A 20 años de su muerte, el 9 de abril de 1999, volvemos a recordar la figura imponente del Raúl Silva Henríquez, quien cuidó de su rebaño por 22 años –entre 1961 y 1983– como arzobispo de Santiago. El pueblo aún no lo olvida y tendrá la oportunidad de homenajearlo en la catedral de Santiago mañana. Será el momento de recordar ese grito popular que caló hondo en su despedida: “Raúl, amigo, el pueblo está contigo”.

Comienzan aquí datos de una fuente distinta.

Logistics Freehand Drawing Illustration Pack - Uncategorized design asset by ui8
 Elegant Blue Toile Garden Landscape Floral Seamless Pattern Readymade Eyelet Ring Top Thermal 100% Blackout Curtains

Qué bendición tuvo la Iglesia de Chile de contar con un pastor como Raúl Silva Henríquez, el “cardenal del Pueblo”, quien cuidó de su rebaño por 22 años como arzobispo de Santiago, entre 1961 y 1983. El pueblo aún no lo olvida.
Tuve la suerte de llegar a Chile desde Alemania en 1968. El país me sorprendió, porque se encontraba en medio de grandes transformaciones sociales, cada día se dejaban atrás siglos de postergación, sumisión y humillación de los pueblos campesinos, de los trabajadores y la Iglesia chilena, post-Concilio Vaticano II, había despertado y empezado a preocuparse por la masa de pobres, muchas veces explotados.